Pholida Phengsomphone, a spokeswoman for Edinburgh-based RBS, and Lawrence Grayson, a spokesman for Bank of America, declined to comment.
Risk Awareness
“We are encouraged by Judge Baer’s analysis,” said James Olecki, a spokesman for Ally. “It recognizes the legal significance of the extent of knowledge that individual investors may have had as to the risks relating to the investment.”
In the case against Credit Suisse’s DLJ Mortgage unit, which involves $2.39 billion of securities, Crotty said the defendants produced no evidence that the more than 330 investors knew about specific misstatements in the offering documents.

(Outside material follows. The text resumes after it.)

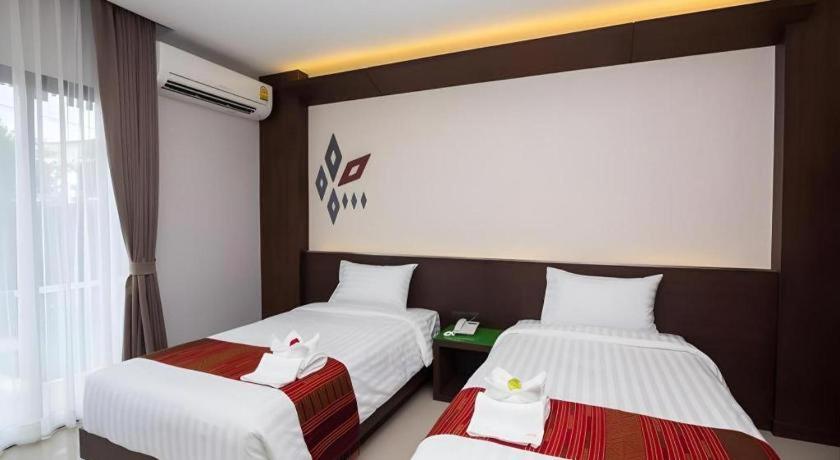 Udtel Boutique Hotel Udonthani Exterior foto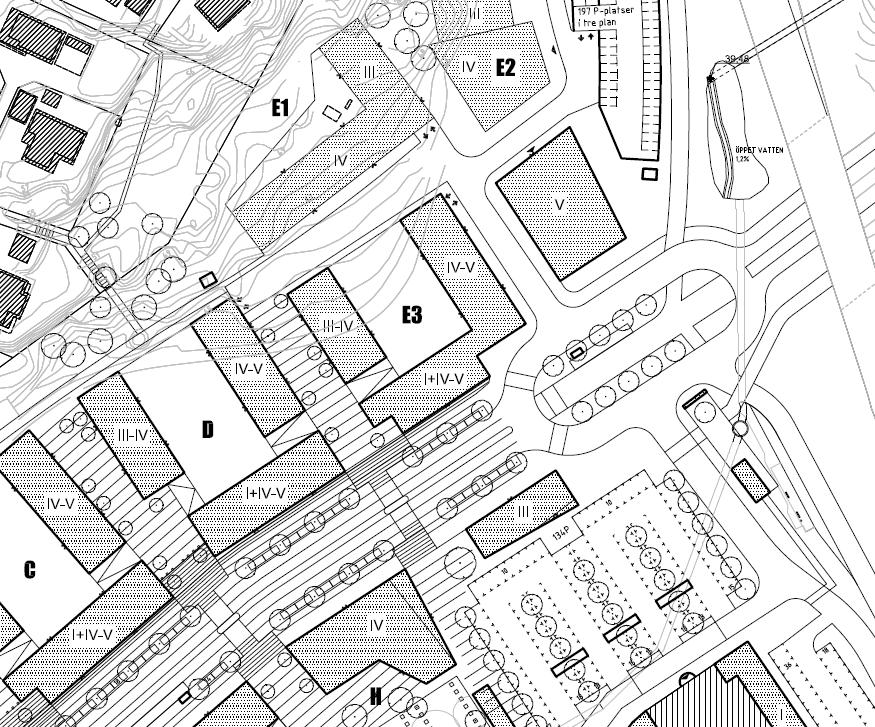 Utredningen består av bullerspridningsberäkningar, jämförelse mot gällande bedömningsgrunder samt rapportering.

Steven Vames, a spokesman for Zurich-based Credit Suisse, declined to comment on the case.
Some of the defendant banks noted that potential members of the class are other financial firms that are themselves being sued over mortgage-backed securities.
Having individual banks on both sides of these cases is “slightly unusual” and shows “the multi-headed hydras these investment banks have become,” said James D. Cox, a securities- law professor at Duke Law School in Durham, North Carolina. “But they do have these Chinese walls, to make sure the underwriting people are not talking to the investment advisers.”

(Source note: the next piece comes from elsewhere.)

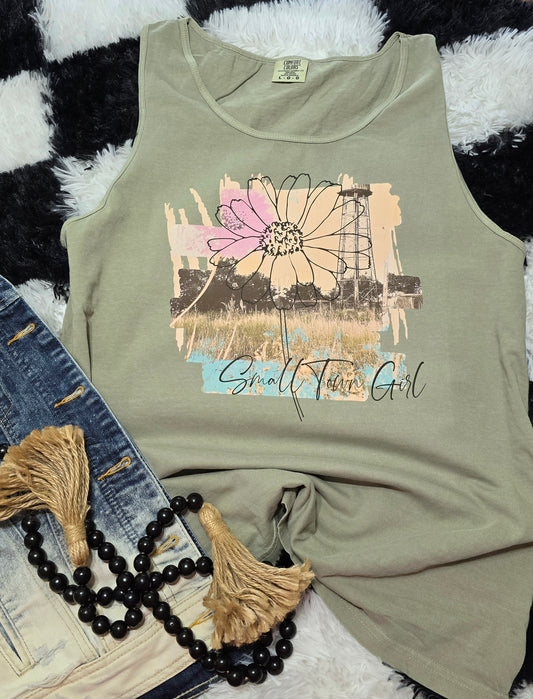 Small Town Girl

New York-based JPMorgan, a potential plaintiff and class member in the lawsuit against RBS over $3.45 billion in securities, is being sued in federal court in Brooklyn, New York, over mortgage-backed securities it sold. JPMorgan “is alleged to have had knowledge regarding” disintegrating underwriting standards, Baer wrote.
Investment Funds
The bank’s role in underwriting some securities doesn’t mean its affiliated investment funds knew about misrepresentations in the prospectus for completely different securities, the plaintiff investors wrote in their appeal in the RBS case. RBS is Britain’s biggest government-owned lender.
“These were not the firms that underwrote the offering,” Laitman said. “They bought like everybody else.”
In the Merrill Lynch case, Rakoff agreed with the investors.
“Although defendants note that some members of the class, including Morgan Stanley (MS) Co., have been sued in connection with their own MBS offerings, this is irrelevant to the offerings at issue in this case,” he wrote.
Motions to Dismiss
The parties in the cases against JPMorgan and New York- based Morgan Stanley await decisions on the banks’ motions to dismiss. The federal appeals court in Manhattan hasn’t said yet whether it would accept Merrill Lynch’s appeal of Rakoff’s decision certifying the class of investors.
The cases are New Jersey Carpenters Health Fund v. Residential Capital LLC, 08-08781, New Jersey Carpenters Vacation Fund v. The Royal Bank of Scotland Group Plc., 08- 05093, Public Employees’ Retirement System of Mississippi v. Merrill Lynch & Co., 08-010841, New Jersey Carpenters Health Fund v. DLJ Mortgage Capital Inc., 08-05653, Public Employees’ Retirement System of Mississippi v. Goldman Sachs Group Inc. (GS), 09-01110, In re Morgan Stanley Pass-Through Certificates Litigation, 09-02137, and In re IndyMac Mortgage-Backed Securities Litigation, 09-04583, U.S. District Court, Southern District of New York (Manhattan); Plumbers’ & Pipefitters’ Local #562 Supplemental Plan & Trust v. J.P. Morgan Acceptance Corp., 08-01713, U.S. District Court, Eastern District of New York (Brooklyn); In re Wells Fargo Mortgage-Backed Certificates Litigation, 09-01376, U.S. District Court, Northern District of California (San Jose); and In re Washington Mutual Mortgage- Backed Securities Litigation, 09-cv-00037, U.S. District Court, Western District of Washington (Seattle).